Problem description:
Copy the material below verbatim from the line with "Used 2013 Lamborghini" to the line with "itskiaramarie nude photo #0190 (pwin.cess)", both lines included, omitting pictures and every line outside that range.

Provided material:
_____

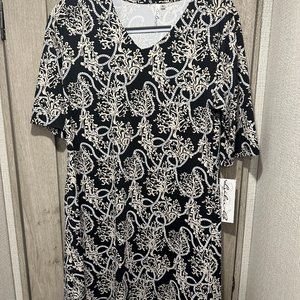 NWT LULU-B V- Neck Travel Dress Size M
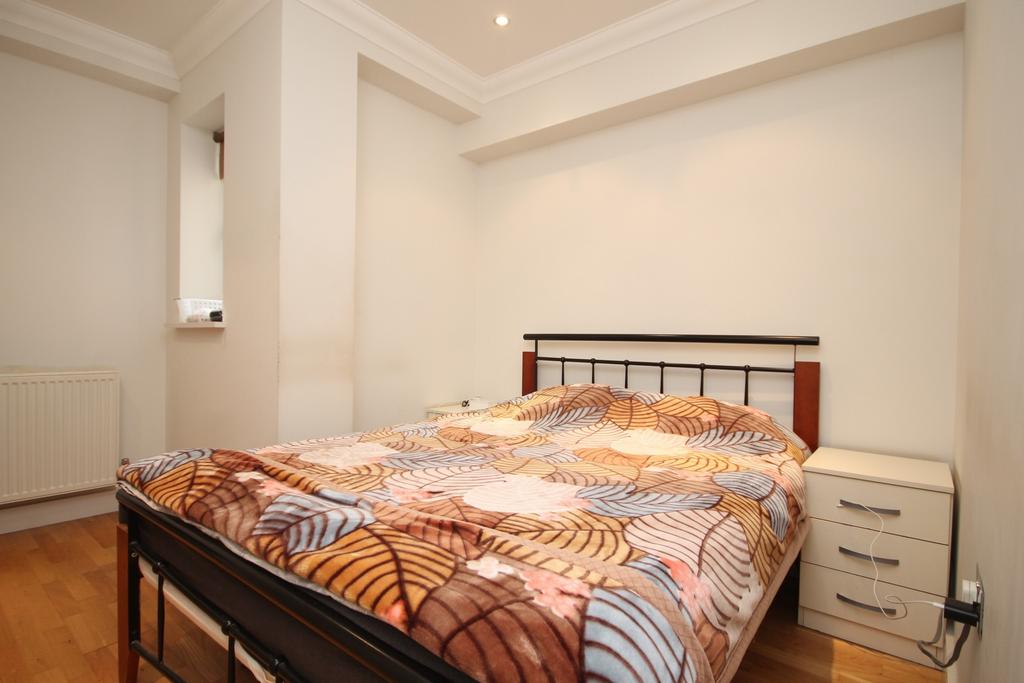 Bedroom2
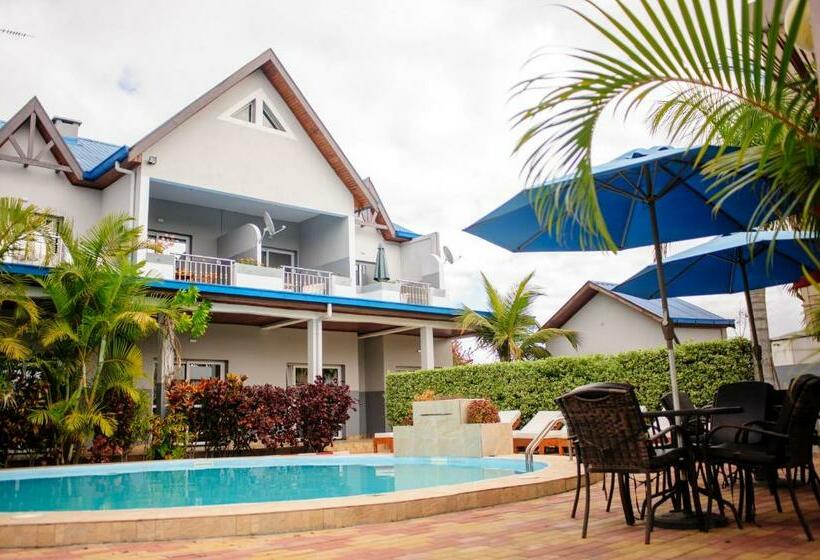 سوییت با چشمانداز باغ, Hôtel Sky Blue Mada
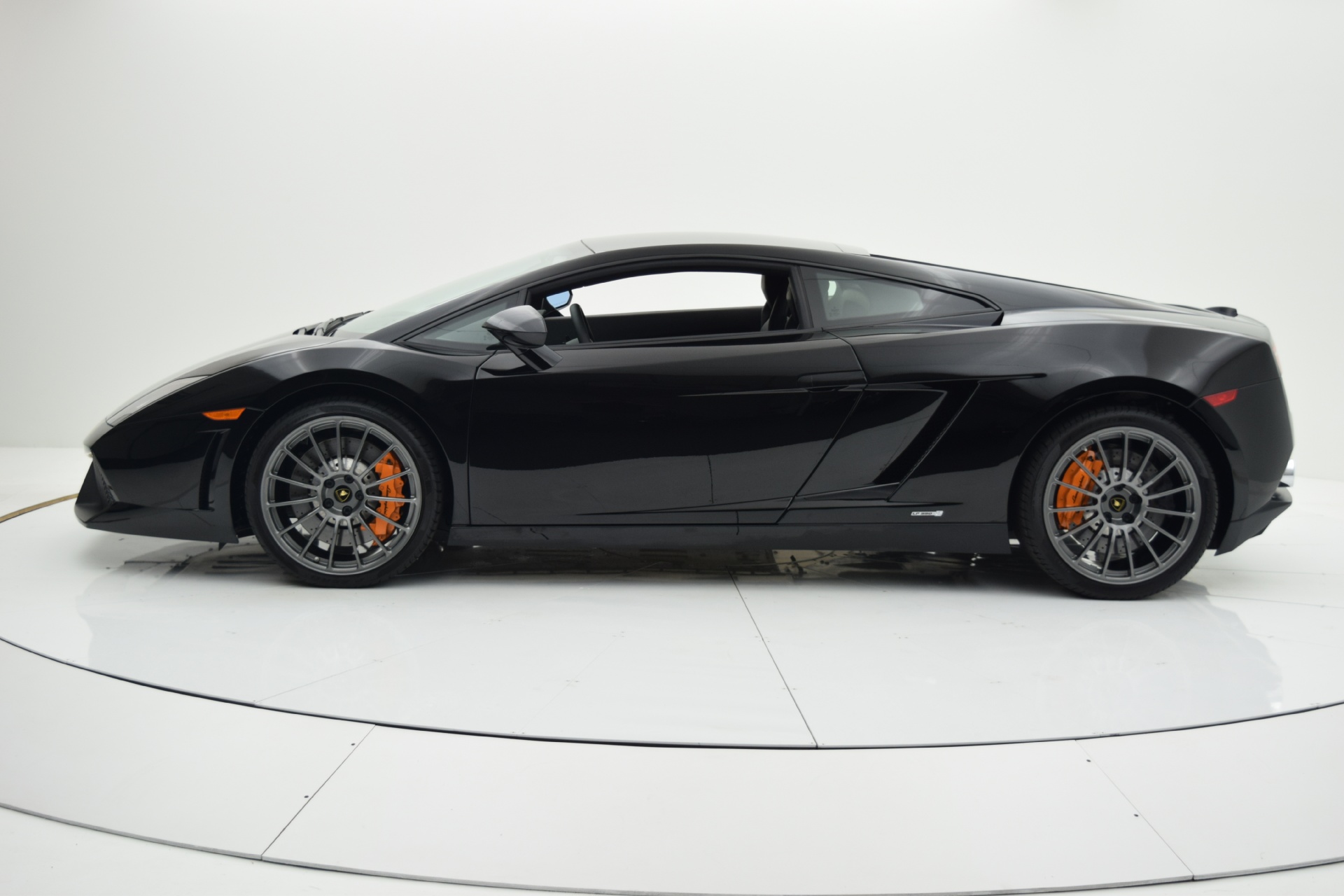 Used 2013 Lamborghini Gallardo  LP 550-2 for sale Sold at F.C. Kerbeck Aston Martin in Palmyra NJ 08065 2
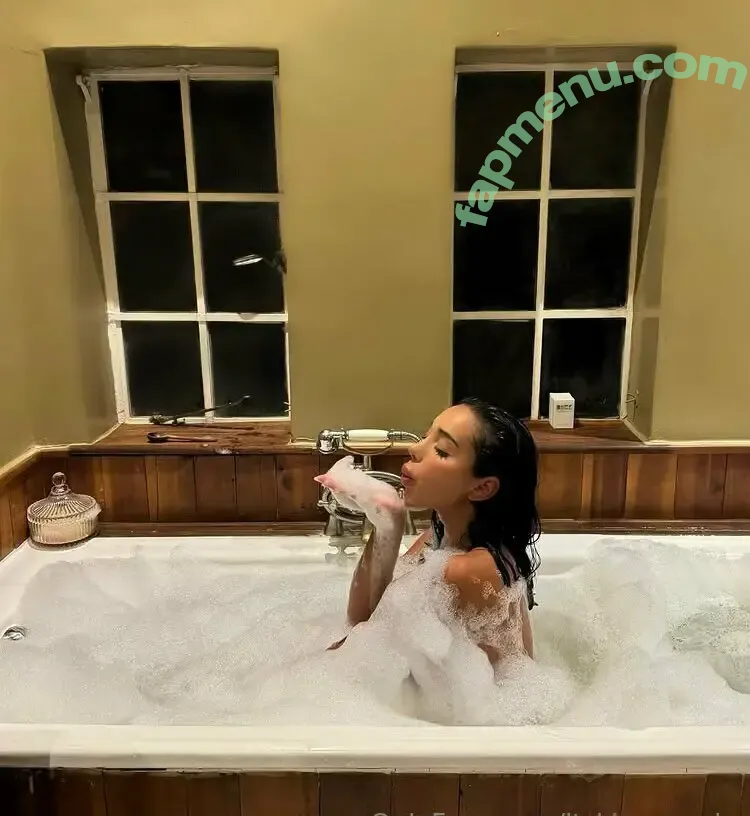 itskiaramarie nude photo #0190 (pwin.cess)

_____

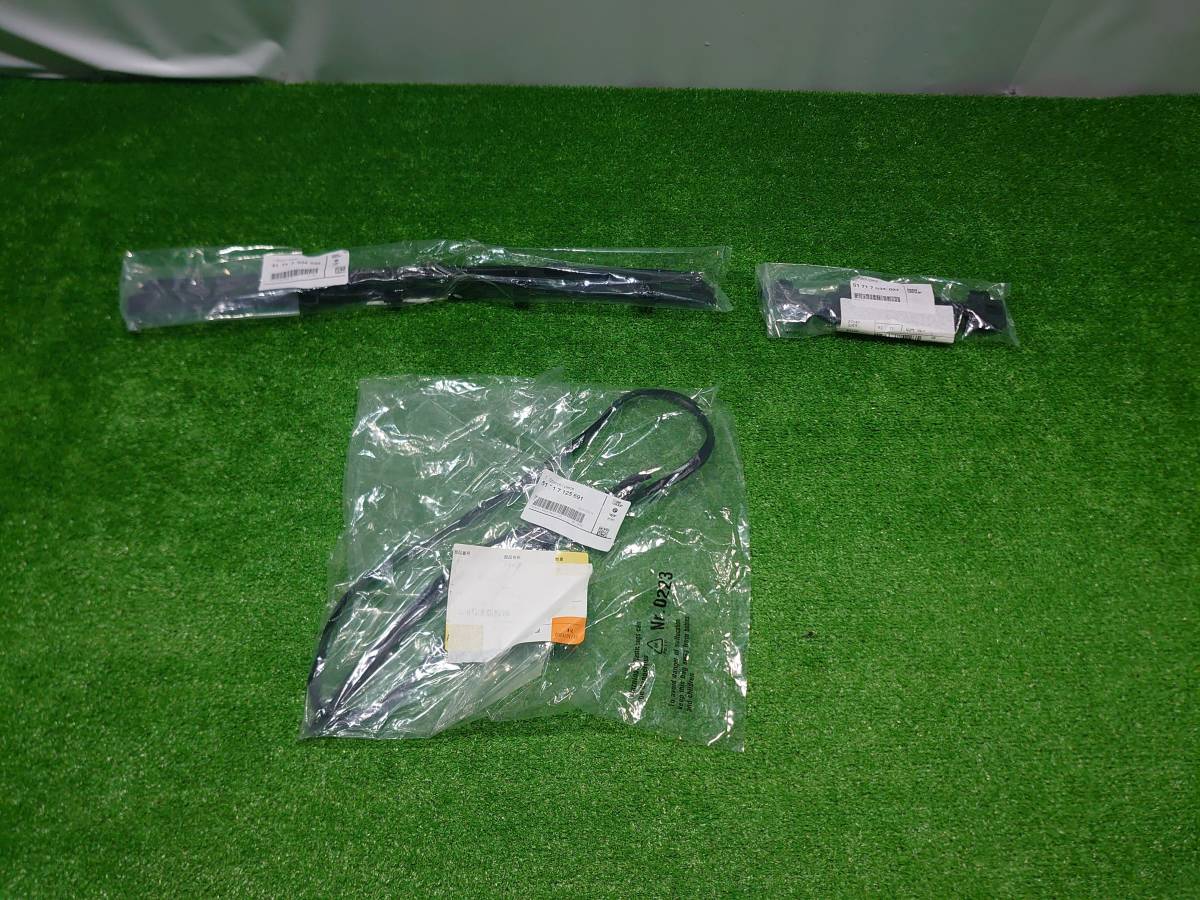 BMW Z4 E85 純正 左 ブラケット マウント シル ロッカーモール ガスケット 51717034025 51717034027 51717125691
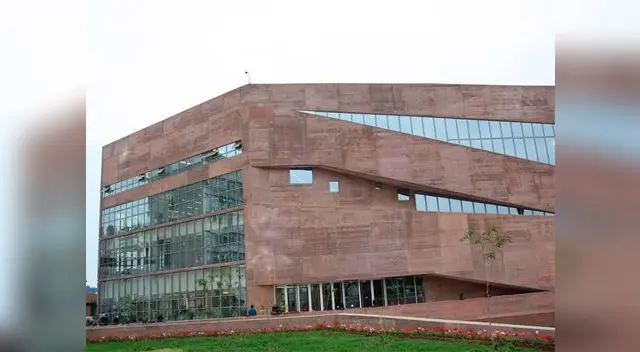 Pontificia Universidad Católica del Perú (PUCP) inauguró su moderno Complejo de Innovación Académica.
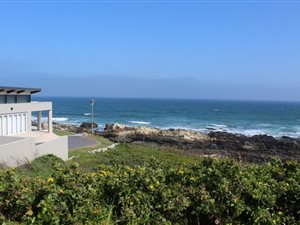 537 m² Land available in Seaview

_____

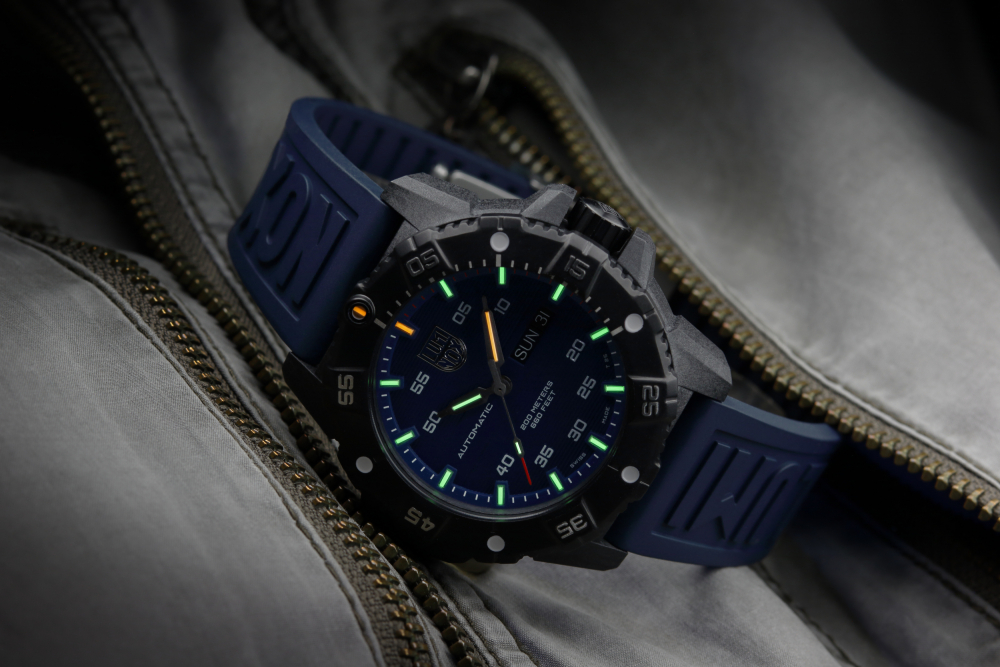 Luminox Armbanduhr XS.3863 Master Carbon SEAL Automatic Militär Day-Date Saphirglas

_____

Task solution:
 Used 2013 Lamborghini Gallardo  LP 550-2 for sale Sold at F.C. Kerbeck Aston Martin in Palmyra NJ 08065 2
 itskiaramarie nude photo #0190 (pwin.cess)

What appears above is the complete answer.